Johnson & Johnson (J&J), a company based in New Brunswick, N.J., which produces products such as baby shampoo and pain relievers, needed employees to be able to share documents without using shared public drives or email, which can pose version control issues and data security problems. J&J turned to the cloud-based Office 365, which includes SharePoint Online and OneDrive for Business, to enable workers to save and share documents whether they are in the office or on the road.

While many companies are skeptical about or only incrementally moving to the cloud, J&J is heading full bore there for 150,000 users by the end of 2015. Companies like J&J need the flexibility that the cloud offers by centralizing documents while ensuring safe data through two-factor identity authentication for users. Office 365 made sense for J&J not only for dispersed teams, but also to accommodate the expectations of younger workers, said Thomas Mansmann, IT lead at J&J.

"Our senior IT leadership wants us to have the ability to access content from any device and any location," Mansmann said. "The next line of people coming into the corporation expect mobility ... and this sets this up for that."

Our senior IT leadership wants us to have the ability to access content from any device and any location.
Thomas MansmannIT lead, Johnson & Johnson

But while the cloud untethers workers from their desktops, there are risks without adequate preparation. Forget security; think licensing. Companies run the risk of paying too much for enterprise licenses for Office 365, or, alternatively, shortchanging workers on capabilities to save money. While the former scenario runs up costs, the latter can prevent workers from getting their work done. Mansmann said that J&J came to recognize this tradeoff only after trying to minimize costs.

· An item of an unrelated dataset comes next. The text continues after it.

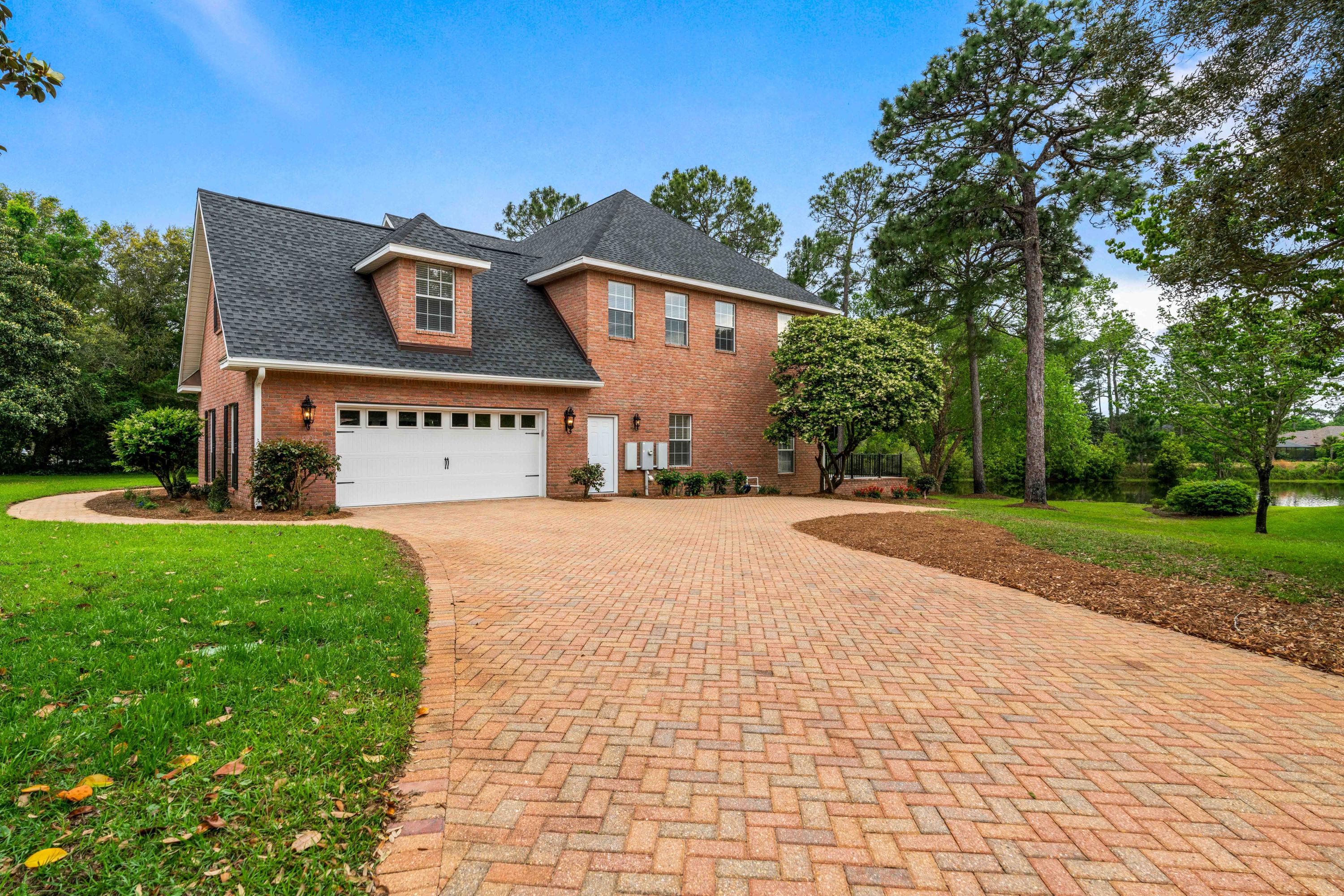 MAGNOLIA LAKE S/D AT BLUEWATER BAY - Residential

While J&J originally wanted to reduce costs by giving users an E1 license, rather than the more costly E3 license, Mansmann said his team realized that saving money would only hamstring the 150,000 users it plans to have on SharePoint Online by the end of 2015.

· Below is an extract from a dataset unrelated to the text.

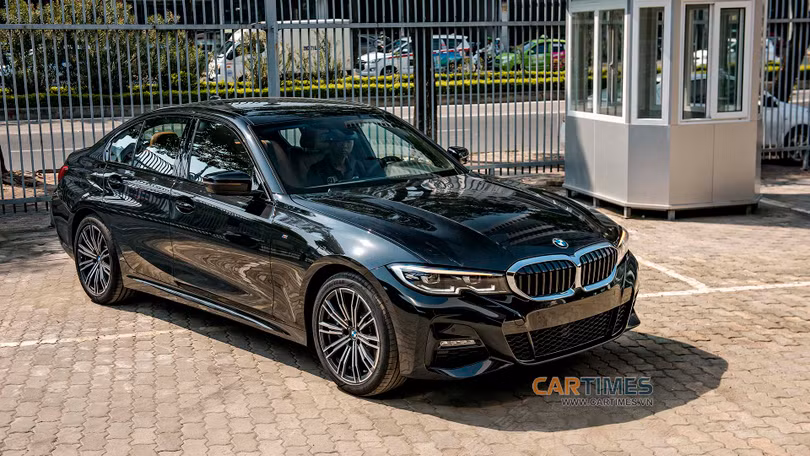 Gần 2,4 tỷ đồng, BMW 330i M Sport tại Việt Nam trang bị những gì?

"There's a laundry list of features in PowerPoint, Excel and Word you cannot do -- macros don't work, certain tables do not work, rich media -- so workers can't do their jobs," he said. "There are scores of limitations that are not big at a small level, but at an enterprise level, it becomes a major problem."

The Microsoft mission

Microsoft has stated its mission to bring customers to the cloud, but Office 365 licensing and adoption can hit users with unexpected costs -- particularly for companies with existing investments in on-premises SharePoint. Microsoft licensing is hardly straightforward, and the onus is often on customers or integrators to carefully map out needs to migrate their on-premises estates -- or else.

"Microsoft ... has started to carve out pathways for migrating license spending," said Rob Helm, managing vice president at Directions on Microsoft, a research firm that focuses on Microsoft technologies in Seattle. "But the licensing side is less well-developed than the technical side."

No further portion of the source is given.